[Data to use Boundary: Start]

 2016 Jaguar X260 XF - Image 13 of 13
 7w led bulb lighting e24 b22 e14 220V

[Data to use Boundary: End]
[Data to use Boundary: Start]

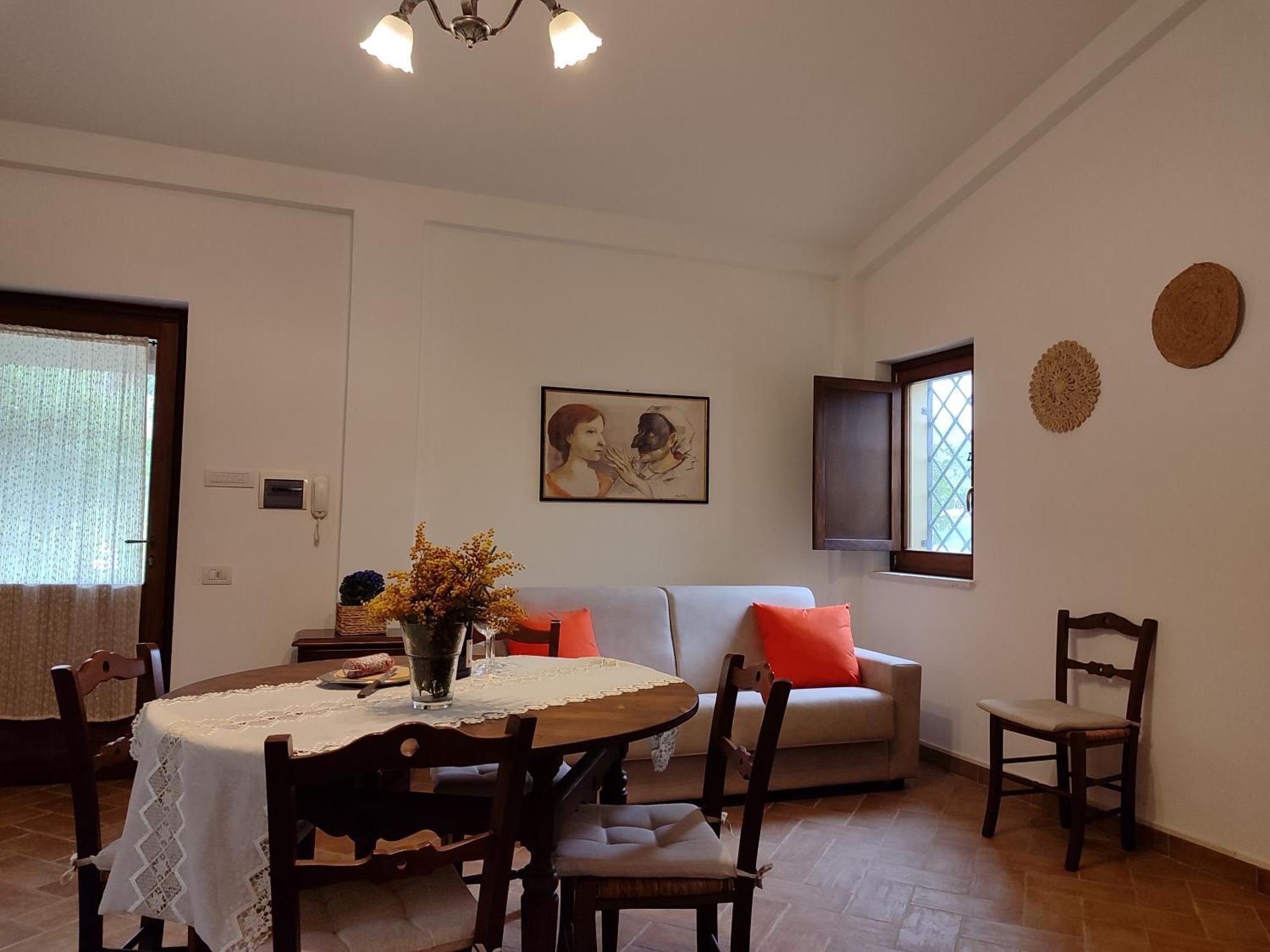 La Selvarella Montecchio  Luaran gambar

[Data to use Boundary: End]

▶ [Action item]: Going down the listing above, begin printing at the line with "2016 Jaguar X260 XF - Image 13 of 13" and finish with the line with "7w led bulb lighting e24 b22 e14 220V", exactly as they appear.

▶ [Answer section]:
 2016 Jaguar X260 XF - Image 13 of 13
 7w led bulb lighting e24 b22 e14 220V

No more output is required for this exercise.